Once I gained a fuller understanding of these philosophical ideas. I stopped looking for any rationale to justify my creative expression or process. I started to share more. I got better, faster. I wrote hooks knowing they might be heard by 100 or 100,000 people. The result a sort of freedom. Absurdism doesn’t tell you to give up. It tells you to let go of the illusion that success will ever feel predictable or fair. It brings peace to the creative process because it removes the pressure of certainty.

And in that space beyond expectation, beyond fairness you’ll find a type of artistic clarity that isn’t dependent on outcomes. You create for the act of creation. That’s where some of the best art comes from.

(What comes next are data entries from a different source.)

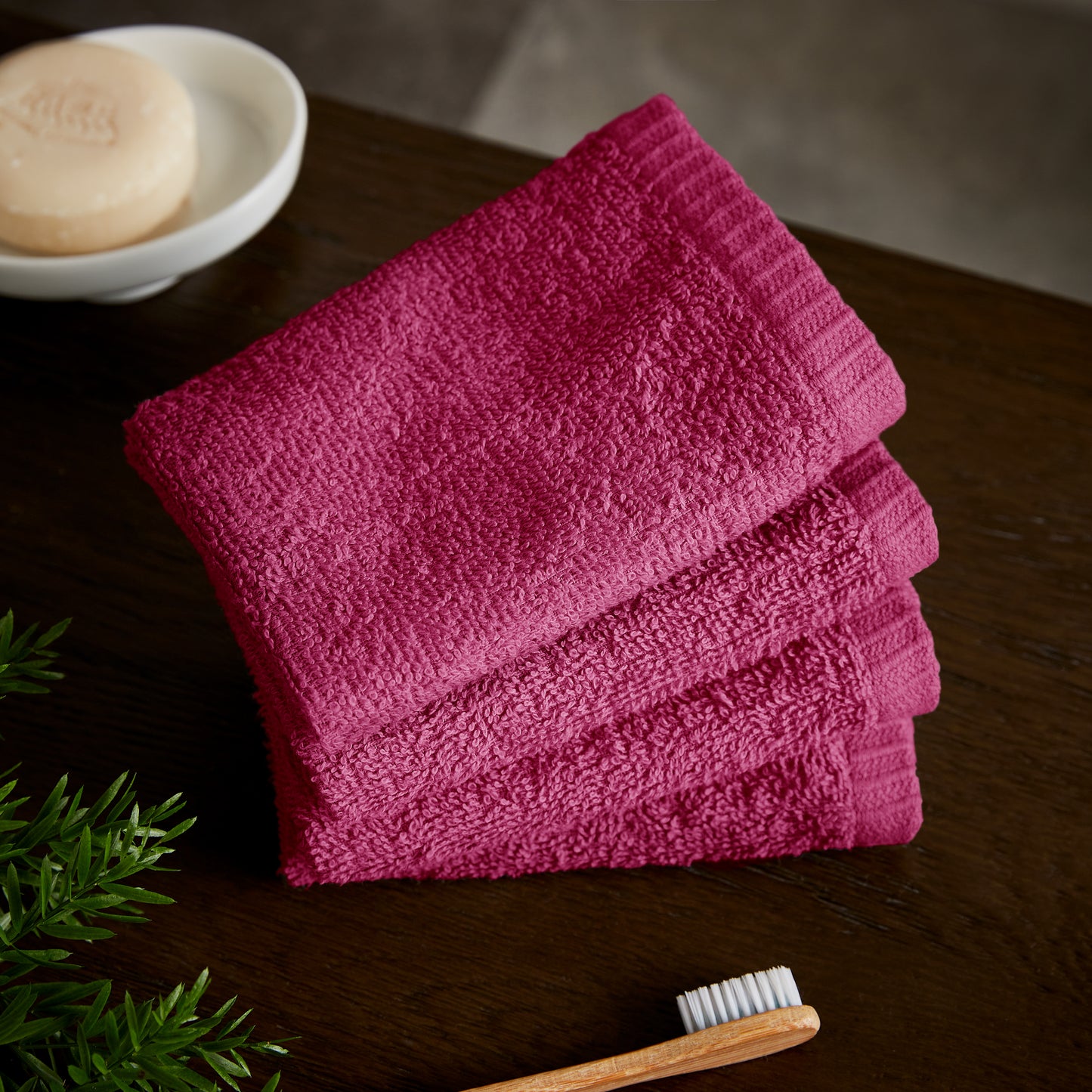 Catherine Lansfield Quick Dry Bath Towels - Hot Pink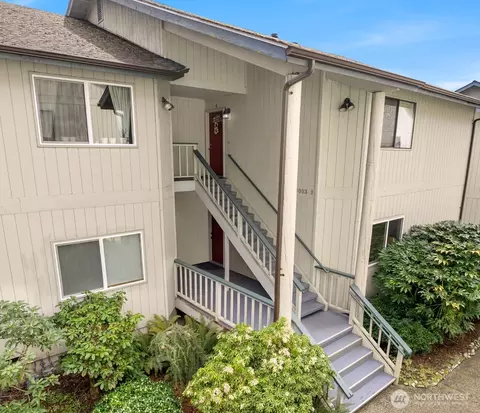 Exterior - 18003 108th Ave NE #B2, Bothell, WA 98011 photo 4 of 5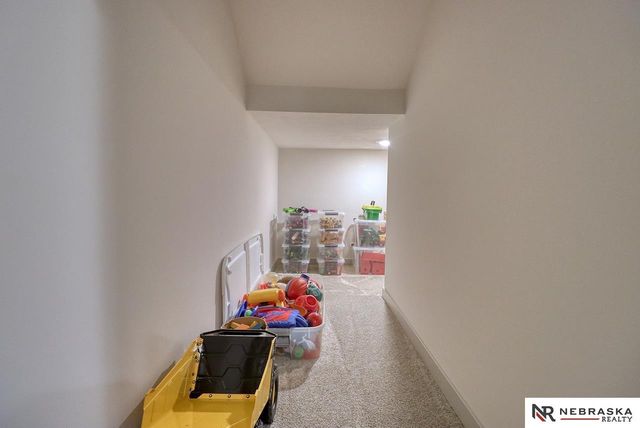 9439 Linwood Place, Lincoln, NE 68505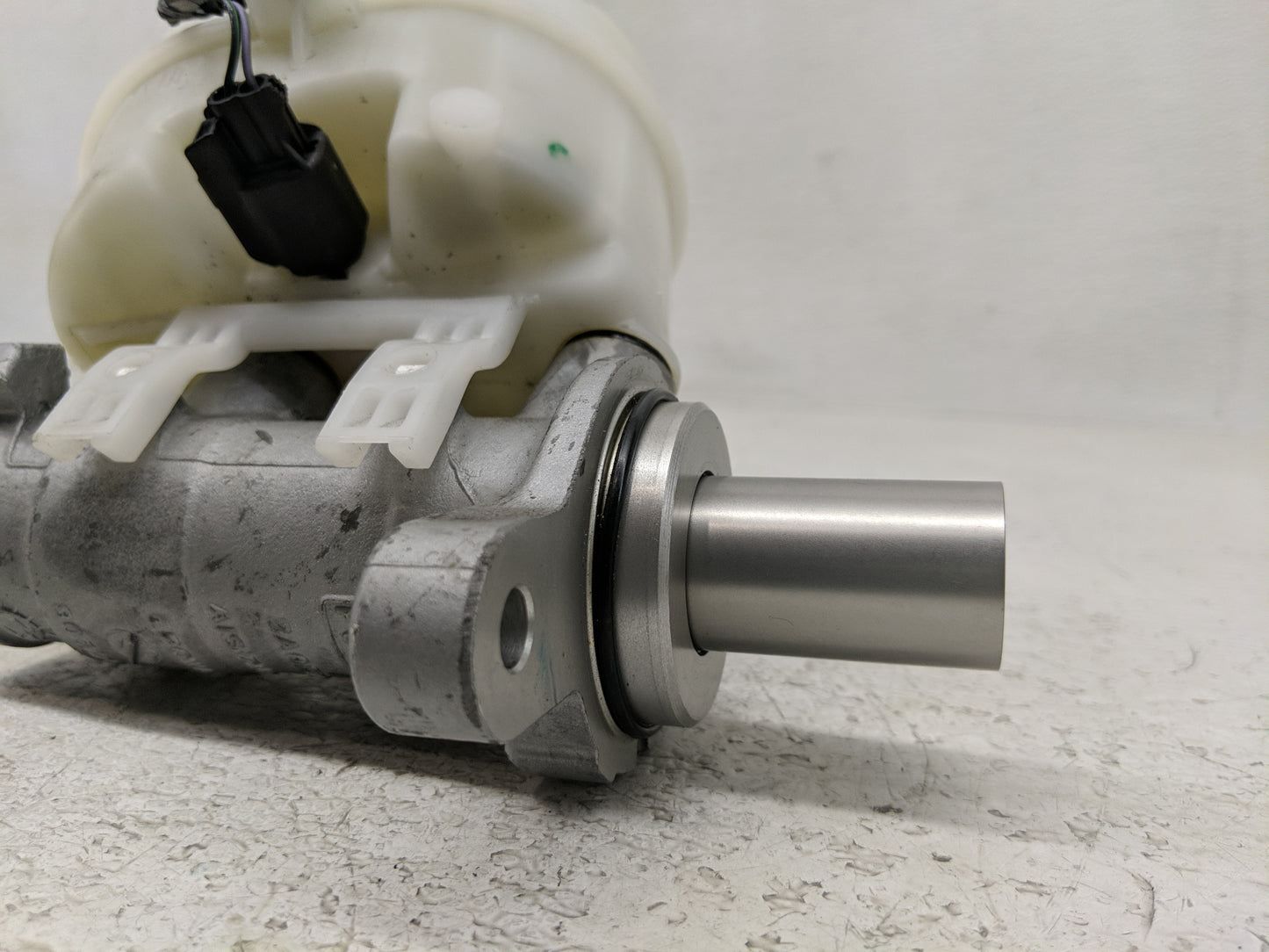 2015-2022 Ford Mustang Brake Master Cylinder - Oemusedautoparts1.com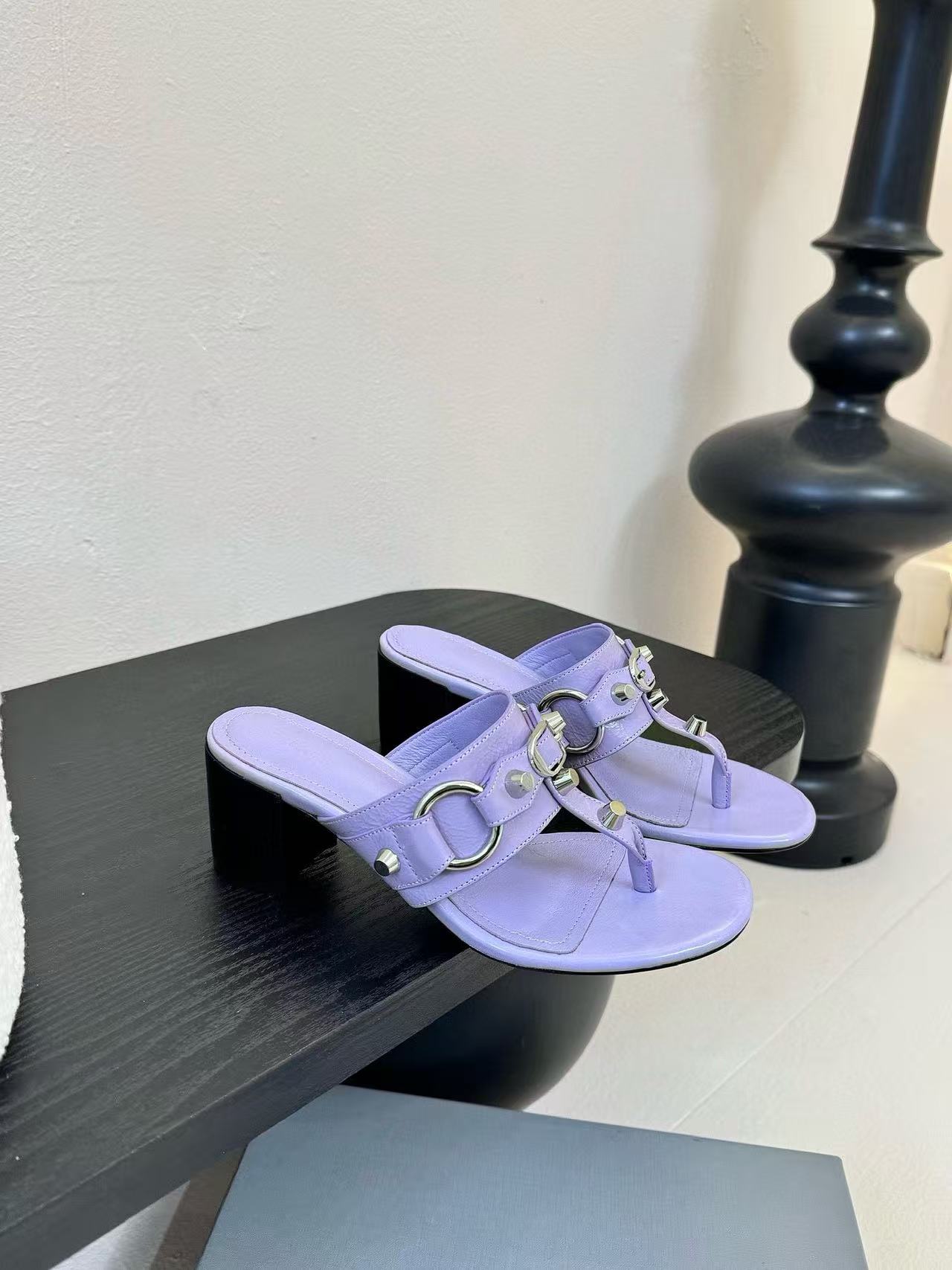 BALENC1AGの高品質ポインテッドハイヒールサンダル【50％割引+送料無料】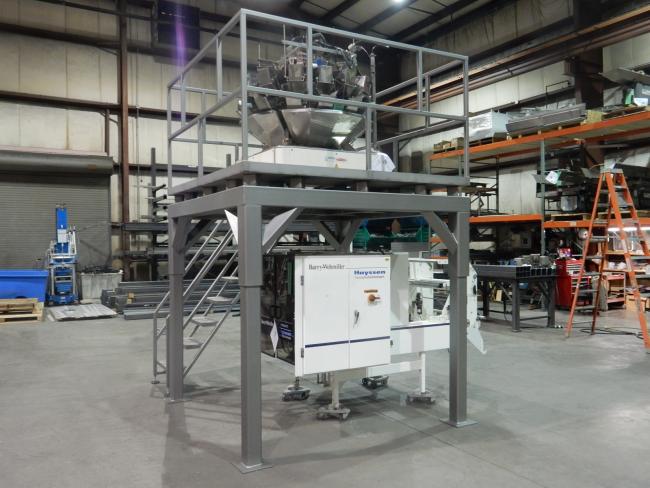 High Performance Packaging has this great Hayssen Ultima 12-16 HR ...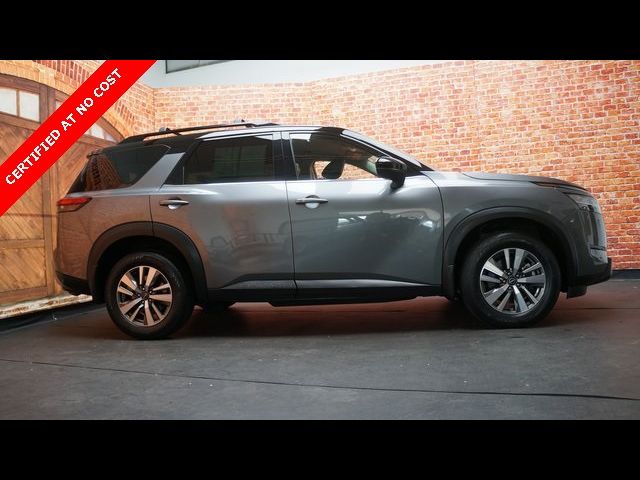 2022 Nissan Pathfinder SL
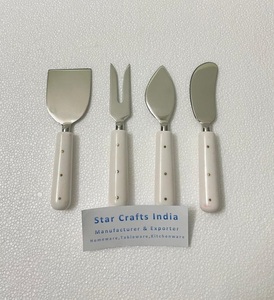 Nuevo diseño de acero inoxidable y diseño de hueso fino mango hecho a mano vajilla cuchillo de queso Juego de 4 herramientas de cocina - Product Image 4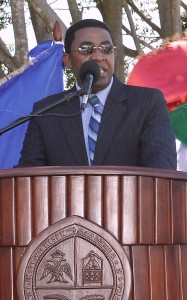 Dr. genaro Rosríguez, Director General UASD Stgo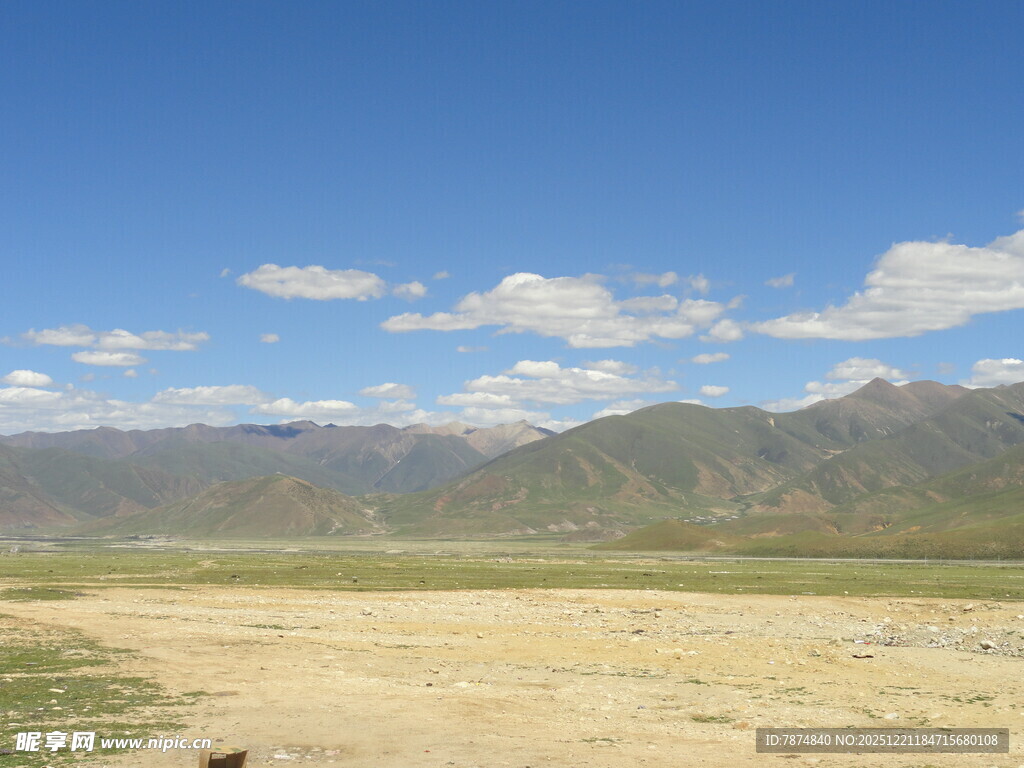 广袤荒原与远处山峦蓝天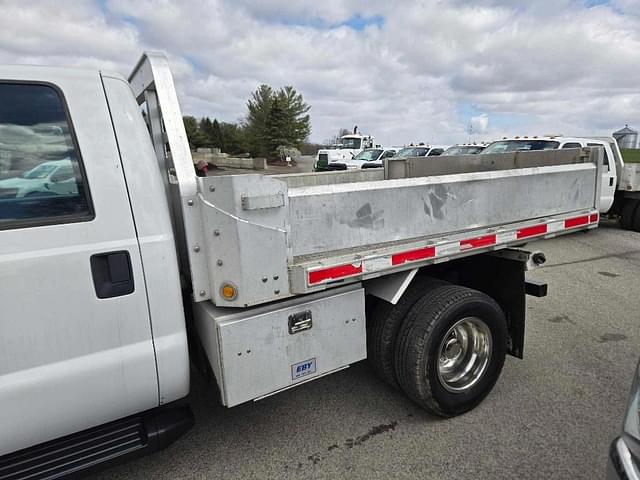 Image of Ford F-350 equipment image 2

Final Thoughts Philosophical Ideas Aren’t Just for Thinkers

When we talk about philosophical ideas that changed my creative process, we’re not just engaging in intellectual exercises. These ideas ground us when our motivation is fragile, when our projects flop, and when our path feels misunderstood. Philosophy helps us craft not just music, but meaning. When you apply existential ownership, pragmatic experimentation, and absurdist perseverance to your work as a rapper, producer, or hybrid artist you are no longer just making music. You are establishing your worldview.

So much of music today is shaped by trends and tech. But the creative process is ancient. And it’s still powered by deep questions, bold decisions, and the willingness to wrestle with the unknown. These three philosophical ideas didn’t just change how I create they changed who I am while creating.